Why British Students Are Rioting over University Tuition

Why British Students Are Rioting over University Tuition
The news came, and the fires followed. On Dec. 9, sometime after 5 p.m., Britain’s Parliament passed a bill to triple university tuition fees to $15,000. Within minutes, peaceful student demonstrations descended into chaos, and Parliament Square — home to Big Ben and Westminster Abbey — transformed into ground zero. Protesters broke through metal barricades and used them to smash windows at the Supreme Court. They urinated on a statue of Winston Churchill. And they scaled the Cenotaph — the sacred memorial to the nation’s fallen soldiers — to rip down the Union Jack. As the night progressed, a mob of 50 demonstrators — many wearing full-face balaclavas — attacked the car carrying Prince Charles and Camilla, Duchess of Cornwall, denting its doors and pelting it with paint bombs. To anyone standing outside Parliament, amid riot police, injured students and plumes of smoke, one thing became clear: London was burning.

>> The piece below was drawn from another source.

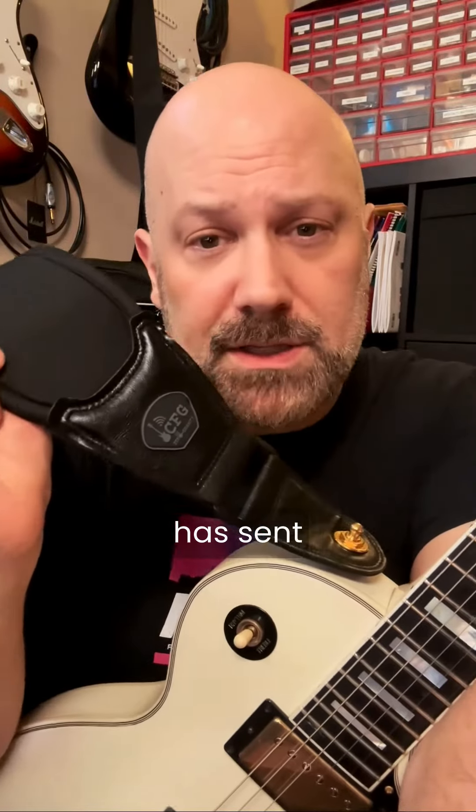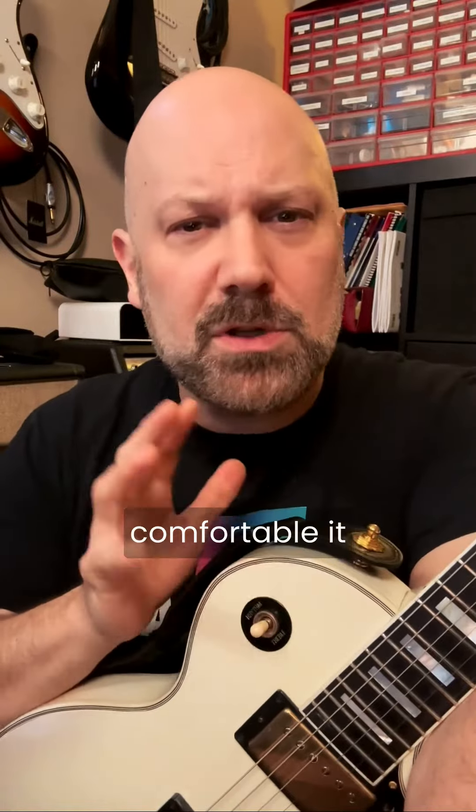Hey everybody, Jim McLaren here. Cable Free Guitar has sent me this really cool zero gravity guitar strap and I'm going to use it live on stage at the Roxy with my Les Paul Custom — my extremely heavy Les Paul Custom — and we'll see how much more comfortable it is.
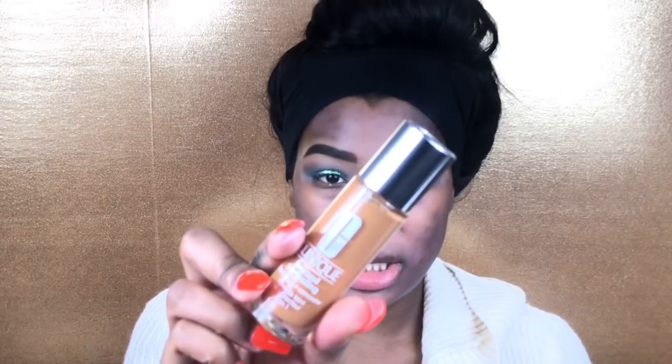My newest foundation pickup is the Clinique Beyond Perfecting Foundation and Concealer — I'm in the color Golden. I'm going to take the applicator and start applying the foundation to my face. I hate this applicator; I wish this foundation came with a pump. Every foundation should come with a pump, but the foundation blended out beautifully. I'm absolutely obsessed — it's definitely full coverage, which is what I love.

For students in the U.S., the widespread violence may be difficult to understand: $15,000 seems like a bargain compared with the $50,000 price tag of America’s most expensive private universities. But until 1997, British students paid little or nothing to attend college because Britain’s government footed the bill through the national budget. In 1996, though, Conservative Prime Minister John Major commissioned a report endorsing the introduction of means-tested, mandatory tuition. Since then, the cost of attending college has risen steadily, climbing from $4,700 in 2003 to $5,000 in 2009 for students from the wealthiest backgrounds. The decision to suddenly raise fees by 200% has left students feeling cheated. “In Britain we believe in free education as a social good for all, and education should be based on social values and have nothing to do with money and consumerism,” says Daisy Jones, student union president at the Courtauld Institute of Art in London. “It should be a right for everyone.”

On the eve of the Dec. 9 protests, Jones, 25, joined demonstrators at a more peaceful event outside Somerset House, an arts and cultural center in central London. They sang protest versions of Christmas carols, like “Come, All Ye Bankers,” to get their point across. Like many of her fellow students, Jones worries that the $45,000 price tag for a three-year degree program will discourage students from pursuing the arts and drive them toward subjects like engineering, medicine and mathematics, which often lead to more lucrative careers. And that, she says, could force schools like hers to shut altogether if they can no longer attract students.

The government remains adamant that its proposals are actually fairer for all: schoolchildren who currently receive free school meals will have one year of tuition covered by the state. “[The new fees] will create a dynamic university sector that can compete with the very best in the world,” Prime Minister David Cameron said during a speech in London on Dec. 8. “And because the rich will pay more and the poor will pay less, they will put fairness back at the heart of our university system.”

Given all the fires, students clearly don’t buy it. Alexej Ulbricht, 23, a politics student at the University of London’s School of Oriental and African Studies, worries that increased tuition fees will turn higher education in Britain into “a luxury that can only be afforded by those who are rich enough.” Poor students already face a challenge. They lack access to the vast array of private grants and scholarships that students in the U.S. can tap into. At the moment, U.K. students in need of financial assistance take out government loans — which cover tuition and provide the option of a yearly maintenance loan — with nominal interest rates. They pay them back in monthly installments when their salary reaches $23,700. The increased debt they will face upon graduation will be particularly daunting for poorer students, who are less willing than their better-off counterparts to take on debt. In 2009, only 1% of students at Oxford and Cambridge were from poor homes.

Amid the rioting in recent weeks, the government did make some concessions to ease the transition toward higher fees. Under the new system, which will start in 2012, students will not begin paying back their loans until their salary reaches $33,200 — a nearly $10,000 increase over the current threshold. And from 2016, that threshold will increase every year to stay in line with inflation. Some students from poor homes will also be able to apply for grants.

But for the students who have taken to the streets recently — and even for those who haven’t — these concessions do little to numb their feeling that they’ve been betrayed. Jones, the art student, admits that the battle has been lost but suggests the war is only just beginning. Asked if she has a message for high school students, she doesn’t skip a beat: “Keep fighting it, and we’ll keep fighting with you.”